Perhaps you’ve experienced a specific craving during or around your period. So, when estrogen levels are low and progesterone levels are high, you may feel increased cravings and feel less satisfied after eating. This is a great example of how listening to and understanding your body will also help you better understand your cravings.
4. You are tired, exhausted, or not getting enough sleep
Everything’s interwoven in the body and sleep is such a big contributor to overall health and well-being. Your body renews its energy during sleep. Similarly to number two (your blood sugar is low), you obtain energy by eating foods that provide calories so your body can convert them to energy.
If you’re not getting enough sleep, or maybe you’re having poor quality sleep or disrupted sleep, then your body can drive you to eat more to keep your energy levels up. Poor sleep quality also changes those cortisol levels, which can make your appetite go up.
5. You’re not drinking enough water
Hunger and thirst are closely related and sometimes hard to differentiate between if you have a craving come on. If you’re truly having a hard time figuring out where your cravings are coming from (i.e. Is it true hunger or something else), a quick and easy solution is to drink a glass of water and wait 10 to 20 minutes to see if that craving goes away. This does not mean that I’d recommend drinking a glass of water every time you have a craving or if you’re hungry – that’s the diet culture talking. But, on some days, the craving might just be thirst. And on other days, it might be related to something else.
Journaling can help you differentiate between thirst and craving. Are you getting a dry mouth and an empty stomach feeling? Is it just dry mouth? Is it headaches? Is it fatigue? How much water did you drink so far today? Something a lot of clients tell me is that they don’t drink enough during the day, so you’re definitely not alone if this is the case for you, too.
6. You have a nutrient imbalance
One of many reasons why we eat is because there are essential nutrients that our body needs from food to keep functioning. If you aren’t giving your body, let’s say, enough protein, fat or maybe a certain vitamin like vitamin C, or a mineral like iron, you can experience particular cravings because your body wants something that it’s not getting.

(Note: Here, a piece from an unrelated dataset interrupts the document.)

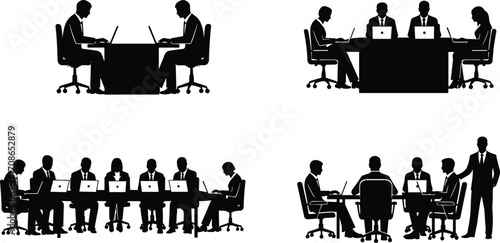 Business meeting silhouette, office teamwork, laptop collaboration, professional staff, workplace interaction, corporate group, vector illustration, business people, formal setting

You might recognize this from when you come back home after a long trip, you’re creating something that’s really nutrient-dense, like a grain bowl or something with lots of veggies or a smoothie, because you’ve been only eating restaurant food for the past seven days.
7. You’re dieting
One thing we know about restriction, diets, and following food rules is that when you tell yourself you can’t have something or shouldn’t have something, it can lead to intense feelings of deprivation that build into uncontrollable cravings. So those forbidden foods are heightened. Because they’re forbidden, you want them even more. The intensity and desire for those particular foods skyrocket.
If your narrative involves phrases such as “I shouldn’t eat that” or “I’m not supposed to eat that”, those words have power around food and your cravings, too. Your mind is incredibly powerful and affects even your relationship with food. When you’re struggling with cravings, it can be helpful to identify what’s actually triggering these cravings.
If you struggle with cravings and are trying to identify where they’re coming from, take a minute to assess if you’re craving something out of true hunger or if you’re craving something that food can’t provide. Like relaxation, a short break from work, or a helpful distraction. Cravings can actually teach you a lot about what it is you really need. Cravings are also part of being human. They happen to each one of us. So, give yourself patience and give yourself grace. The more you listen, the more you learn.